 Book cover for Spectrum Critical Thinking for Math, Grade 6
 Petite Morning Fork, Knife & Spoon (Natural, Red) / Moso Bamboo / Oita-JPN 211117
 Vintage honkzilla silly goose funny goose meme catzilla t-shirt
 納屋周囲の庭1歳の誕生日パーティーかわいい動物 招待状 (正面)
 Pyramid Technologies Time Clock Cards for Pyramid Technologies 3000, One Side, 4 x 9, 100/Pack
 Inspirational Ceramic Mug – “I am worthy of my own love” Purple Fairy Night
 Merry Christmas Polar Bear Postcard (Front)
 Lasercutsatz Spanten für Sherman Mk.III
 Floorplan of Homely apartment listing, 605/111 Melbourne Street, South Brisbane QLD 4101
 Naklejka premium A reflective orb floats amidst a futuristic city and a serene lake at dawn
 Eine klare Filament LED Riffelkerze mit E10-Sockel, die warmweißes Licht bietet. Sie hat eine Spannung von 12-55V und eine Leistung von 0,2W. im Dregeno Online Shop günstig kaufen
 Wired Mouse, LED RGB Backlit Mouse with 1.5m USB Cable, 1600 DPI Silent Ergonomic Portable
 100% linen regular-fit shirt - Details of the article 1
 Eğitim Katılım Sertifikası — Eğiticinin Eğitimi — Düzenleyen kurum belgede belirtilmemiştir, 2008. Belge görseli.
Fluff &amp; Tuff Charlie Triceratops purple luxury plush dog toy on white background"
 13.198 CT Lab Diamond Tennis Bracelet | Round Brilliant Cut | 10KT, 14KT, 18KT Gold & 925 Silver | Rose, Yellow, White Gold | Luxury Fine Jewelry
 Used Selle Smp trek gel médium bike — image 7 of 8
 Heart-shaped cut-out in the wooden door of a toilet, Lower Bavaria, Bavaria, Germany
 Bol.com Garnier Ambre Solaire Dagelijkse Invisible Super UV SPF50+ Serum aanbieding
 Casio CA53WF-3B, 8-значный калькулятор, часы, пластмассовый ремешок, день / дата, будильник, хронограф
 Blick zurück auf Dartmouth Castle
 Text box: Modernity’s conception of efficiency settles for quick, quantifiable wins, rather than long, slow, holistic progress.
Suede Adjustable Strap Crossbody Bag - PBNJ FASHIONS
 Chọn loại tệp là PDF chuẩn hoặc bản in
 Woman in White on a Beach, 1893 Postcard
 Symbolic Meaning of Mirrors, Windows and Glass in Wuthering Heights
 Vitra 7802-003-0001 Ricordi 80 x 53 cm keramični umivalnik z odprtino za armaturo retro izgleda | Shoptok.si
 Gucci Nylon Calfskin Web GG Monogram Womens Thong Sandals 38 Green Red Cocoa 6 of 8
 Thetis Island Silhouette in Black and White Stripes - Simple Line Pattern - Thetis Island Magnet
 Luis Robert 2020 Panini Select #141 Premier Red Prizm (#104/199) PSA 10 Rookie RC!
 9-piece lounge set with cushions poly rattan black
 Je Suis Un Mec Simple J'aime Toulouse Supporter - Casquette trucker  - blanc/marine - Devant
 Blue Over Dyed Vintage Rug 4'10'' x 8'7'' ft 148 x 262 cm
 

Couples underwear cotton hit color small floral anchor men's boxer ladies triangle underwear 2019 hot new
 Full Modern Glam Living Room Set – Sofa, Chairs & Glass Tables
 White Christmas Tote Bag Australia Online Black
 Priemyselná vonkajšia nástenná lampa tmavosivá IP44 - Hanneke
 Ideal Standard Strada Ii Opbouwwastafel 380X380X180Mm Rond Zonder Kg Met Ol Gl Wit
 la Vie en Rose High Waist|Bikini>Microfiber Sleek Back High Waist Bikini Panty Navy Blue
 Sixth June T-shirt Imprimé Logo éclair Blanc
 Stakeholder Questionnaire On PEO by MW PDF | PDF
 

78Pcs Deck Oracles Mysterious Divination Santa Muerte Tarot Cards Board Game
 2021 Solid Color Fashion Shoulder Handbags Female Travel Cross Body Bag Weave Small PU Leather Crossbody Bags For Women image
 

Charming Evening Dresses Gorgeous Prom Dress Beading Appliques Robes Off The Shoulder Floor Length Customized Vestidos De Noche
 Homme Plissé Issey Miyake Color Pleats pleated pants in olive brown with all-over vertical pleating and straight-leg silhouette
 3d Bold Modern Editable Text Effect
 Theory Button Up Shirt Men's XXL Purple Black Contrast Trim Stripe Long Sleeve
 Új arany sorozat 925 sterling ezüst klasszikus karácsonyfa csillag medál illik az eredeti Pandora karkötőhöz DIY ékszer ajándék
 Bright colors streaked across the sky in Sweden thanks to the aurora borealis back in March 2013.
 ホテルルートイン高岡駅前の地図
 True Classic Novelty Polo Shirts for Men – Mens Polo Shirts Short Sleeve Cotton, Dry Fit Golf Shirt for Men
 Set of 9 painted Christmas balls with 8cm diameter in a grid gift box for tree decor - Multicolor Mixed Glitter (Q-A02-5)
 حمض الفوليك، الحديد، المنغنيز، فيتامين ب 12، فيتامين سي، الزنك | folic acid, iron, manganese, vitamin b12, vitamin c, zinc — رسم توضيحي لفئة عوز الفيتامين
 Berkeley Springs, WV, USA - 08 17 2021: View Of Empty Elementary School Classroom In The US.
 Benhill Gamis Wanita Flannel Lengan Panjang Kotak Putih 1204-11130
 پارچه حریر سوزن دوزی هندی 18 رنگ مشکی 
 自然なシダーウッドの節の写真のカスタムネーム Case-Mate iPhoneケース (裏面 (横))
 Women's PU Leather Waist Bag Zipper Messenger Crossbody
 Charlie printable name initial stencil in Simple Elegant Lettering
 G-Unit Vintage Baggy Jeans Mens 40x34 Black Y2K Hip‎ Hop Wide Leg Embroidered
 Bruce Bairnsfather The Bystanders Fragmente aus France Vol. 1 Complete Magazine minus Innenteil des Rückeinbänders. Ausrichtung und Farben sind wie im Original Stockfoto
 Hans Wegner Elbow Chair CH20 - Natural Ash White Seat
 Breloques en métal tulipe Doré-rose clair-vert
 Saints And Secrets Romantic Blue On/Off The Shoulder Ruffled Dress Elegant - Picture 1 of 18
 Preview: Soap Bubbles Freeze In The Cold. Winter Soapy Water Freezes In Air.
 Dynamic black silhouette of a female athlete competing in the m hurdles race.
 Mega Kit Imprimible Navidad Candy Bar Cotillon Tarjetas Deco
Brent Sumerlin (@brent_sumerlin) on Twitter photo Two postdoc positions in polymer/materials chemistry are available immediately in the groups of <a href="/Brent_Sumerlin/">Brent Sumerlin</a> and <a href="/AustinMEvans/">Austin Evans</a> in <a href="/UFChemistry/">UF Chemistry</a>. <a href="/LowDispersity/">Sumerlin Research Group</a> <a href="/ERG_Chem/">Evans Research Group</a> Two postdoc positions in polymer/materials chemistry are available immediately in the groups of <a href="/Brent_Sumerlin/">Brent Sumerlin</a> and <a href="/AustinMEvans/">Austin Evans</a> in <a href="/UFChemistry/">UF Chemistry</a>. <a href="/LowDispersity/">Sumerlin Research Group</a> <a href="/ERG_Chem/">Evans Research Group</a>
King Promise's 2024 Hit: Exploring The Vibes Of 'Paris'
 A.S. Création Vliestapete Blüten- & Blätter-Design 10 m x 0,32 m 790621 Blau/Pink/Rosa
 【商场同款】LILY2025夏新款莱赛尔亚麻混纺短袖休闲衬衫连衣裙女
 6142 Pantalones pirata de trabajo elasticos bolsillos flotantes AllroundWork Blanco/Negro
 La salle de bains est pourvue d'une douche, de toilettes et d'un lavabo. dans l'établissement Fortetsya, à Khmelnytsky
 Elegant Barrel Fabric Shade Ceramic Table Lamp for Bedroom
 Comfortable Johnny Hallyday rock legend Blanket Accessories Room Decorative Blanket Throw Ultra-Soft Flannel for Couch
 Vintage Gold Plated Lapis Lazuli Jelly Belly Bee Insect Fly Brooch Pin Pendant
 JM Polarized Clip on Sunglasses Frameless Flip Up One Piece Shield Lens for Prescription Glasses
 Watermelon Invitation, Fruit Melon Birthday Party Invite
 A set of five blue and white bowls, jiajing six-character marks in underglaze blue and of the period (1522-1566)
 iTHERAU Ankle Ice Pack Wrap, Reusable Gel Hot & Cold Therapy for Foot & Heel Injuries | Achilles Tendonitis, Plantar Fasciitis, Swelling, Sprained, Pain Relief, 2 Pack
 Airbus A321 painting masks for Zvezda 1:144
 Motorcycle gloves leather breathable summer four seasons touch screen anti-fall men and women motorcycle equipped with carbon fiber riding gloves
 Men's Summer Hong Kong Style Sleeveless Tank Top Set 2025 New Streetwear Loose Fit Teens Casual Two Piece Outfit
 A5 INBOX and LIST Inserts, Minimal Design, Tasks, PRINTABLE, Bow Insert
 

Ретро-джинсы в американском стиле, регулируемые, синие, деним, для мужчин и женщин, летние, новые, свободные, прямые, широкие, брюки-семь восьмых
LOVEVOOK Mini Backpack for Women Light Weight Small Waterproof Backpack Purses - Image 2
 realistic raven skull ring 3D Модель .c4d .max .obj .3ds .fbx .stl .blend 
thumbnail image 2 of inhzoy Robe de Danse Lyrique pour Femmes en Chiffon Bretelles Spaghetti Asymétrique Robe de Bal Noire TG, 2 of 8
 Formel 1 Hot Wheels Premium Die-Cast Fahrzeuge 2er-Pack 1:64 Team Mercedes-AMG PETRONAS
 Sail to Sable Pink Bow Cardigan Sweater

- - - - - - -

• Assigned task: Among the lines in the material above, some may hold "Vintage". State how many do, and add nothing.

• Exercise answer: 4